Feb. 4, 2014 at 10:42 AM ET
Amy Chua, who (literally) wrote the book on strict parenting with "Battle Hymn of the Tiger Mother" in 2011, and her husband Jed Rubenfeld are back with a controversial new book about what makes people successful. After discussing their new book, "The Triple Package," on TODAY, they agreed to answer a few questions that you, our readers, submitted on our Facebook page.
Shannon Wanlin: When will her children be taught decision making on their own? What about their happiness? Not everyone measures success by monetary measures, but by being happy with the life THEY choose.

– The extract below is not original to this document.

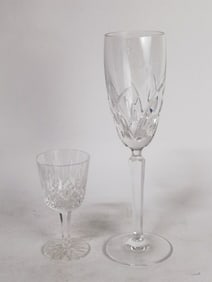 (2) Waterford Crystal Wine Classes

Amy Chua & Jed Rubenfeld: Dear Shannon, you might be surprised to hear it, but we totally agree with you. Teaching children to make their own decisions — hopefully good decisions — is crucial, and one of the things we're most proud of about our own daughters is how strong-minded and independent they are. And we don't measure true success monetarily! To us, success means achieving your goals, whatever they are, whether you want to be a singer, an artist, a doctor, or whatever. Our older daughter, Sophia, has decided to join the Army after her education and has been getting up at 5 in the morning to do ROTC drills for the last 3 years. That was totally her decision. We were stunned when she first told us, but now we couldn't be prouder that she wants to serve our country.
Alice Faye: What are a few ways I can make sure my son is educationally successful? He is in first grade and should be able to read chapter books but he is still struggling with beginner books. We read every day and do writing work. His educational success is so important; I want to set him up to have options, what do I do?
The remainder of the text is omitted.